Parliamentarians this evening voted 328-to-301 in favour of a motion giving MPs control of the order paper tomorrow. That means they can debate, and potentially pass, a bill that will force Johnson to seek an extension to Article 50 from European Council President Donald Tusk.
In total, 21 Tories voted against the government, despite being threatened with having the whip removed, effectively being sacked as a Conservative candidate.
Many, such as Alistair Burt, Justine Greening, and Father of the House Ken Clarke, had signalled their intention by saying they plan to stand down at the next election.
But many more, such as former chancellor Philip Hammond – who was reselected by his party association just yesterday – former justice secretary David Gauke and former immigration minister Caroline Nokes, will now await their fate.
Others include Rory Stewart, who has just been named GQ’s Politician of the Year, and Nicholas Soames, the grandson of Johnson’s hero Winston Churchill.
A Downing Street spokesman told City AM: “The chief whip is speaking to those Tory MPs who did not vote with the government this evening. They will have the Tory whip removed.”
But not Phillip Lee, who sensationally crossed the House to join the Liberal Democrats as Johnson took to the dispatch box earlier in the day.
Speaking immediately after the vote Johnson, who has repeatedly said he would not delay the process any further, told MPs he would call a General Election under the Fixed Term Parliaments Act.
“Let there be no doubt about the consequences of this vote tonight,” Johnson said. “It means that parliament is on the brink of wrecking any deal we might be able to strike in Brussels… And that would mean more dither, more delay, more confusion.
“I don’t want an election; the public don’t want an election, but if the House votes for this bill tomorrow the public will have to choose who goes to Brussels on 17 October to sort this out and take this country forward,” said Johnson.
“I don’t want an election but if MPs vote tomorrow to stop the negotiations and to compel another pointless delay of Brexit, potentially for years, then that will be the only way to resolve this.”
But Labour leader Jeremy Corbyn made it clear he would not back the Prime Minister’s move to call an election, which needs a two-thirds majority to pass.
“He wants to table a motion for an election,” said Corbyn. “Fine. Get a bill through first, in order to take no deal off the table.” Liberal Democrats leader Jo Swinson echoed those calls.
Despite the government’s Brexit strategy being thrown into turmoil, chancellor Sajid Javid is still expected to reveal £2bn of new Brexit funding during the spending review tomorrow.
The spending review, which is now likely to take the form of a written ministerial statement (WMS), will commit the cash for projects linked to Brexit delivery.

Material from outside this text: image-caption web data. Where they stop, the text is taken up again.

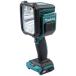  Makita (Makita) лампа светодиодной подсветки 40Vmax батарея * зарядное устройство продается отдельно ML007G синий 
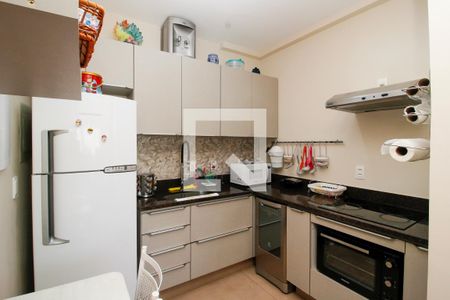 Cozinha de apartamento à venda com 2 quartos, 78m² em Coracao de Jesus, Belo Horizonte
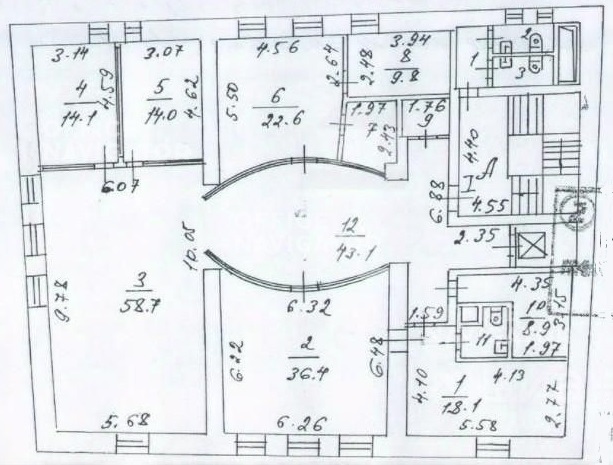 Особняк Покровка ул. 28, стр. 2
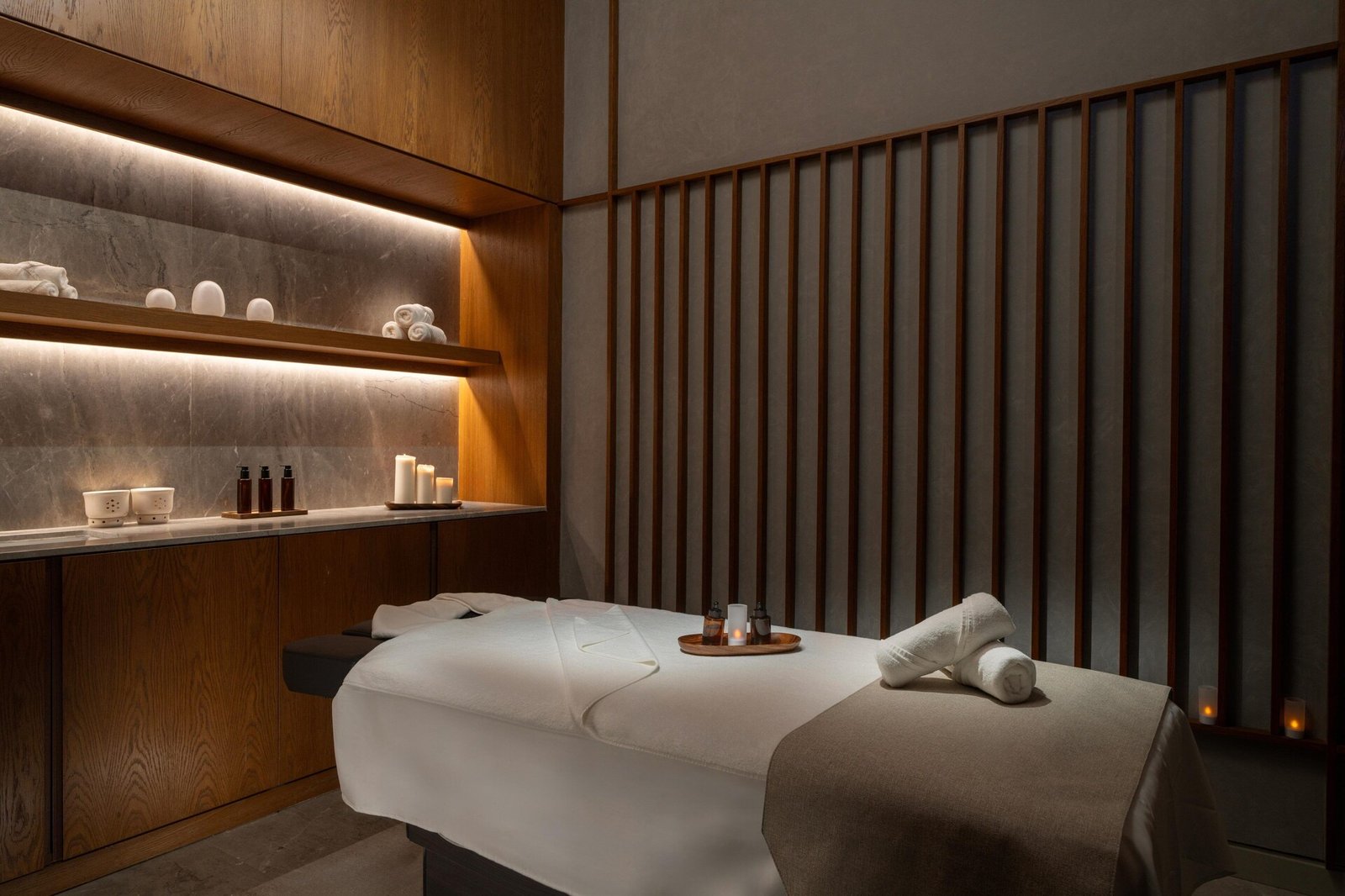Rixos Tersane Istanbul, the spa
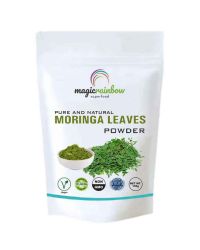  Foglie Moringa polvere magica arcobaleno superfood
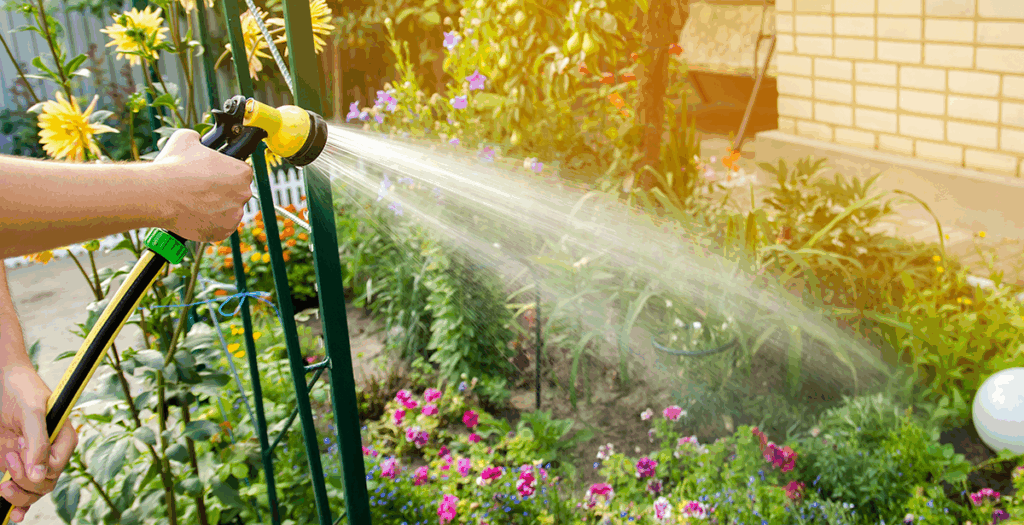 Beat the Heat this summer with smar watering tips!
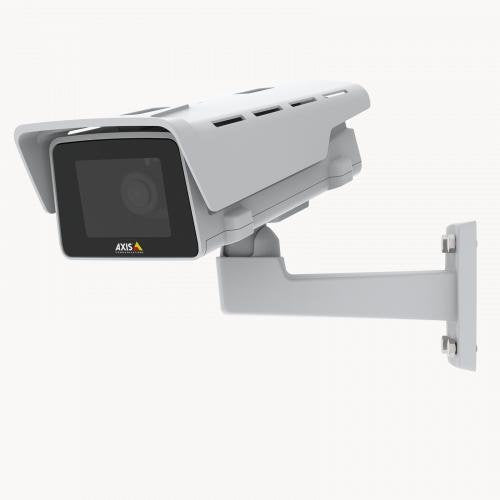 Axis M1135-E Mk Ii Outdoor Nemacam  4x Ip66 And Ik10-Rated Light Wei
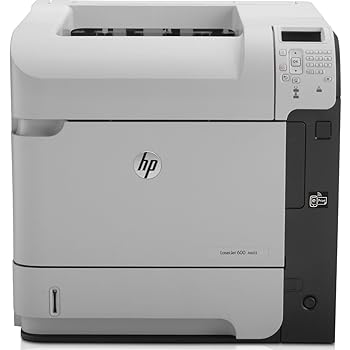 【中古】HP LaserJet Ent 600 m601 N印刷者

This includes funding for the Home Office to support Border Force capability, wider support around UK ports funded by the Department for Transport, and money for the Department for Business, Energy, Innovation and Skills (BEIS) to explore developing the UK’s own Global Navigation Satellite System.
It means more than £8.3bn will have been spent planning for and delivering Brexit since the referendum in 2016.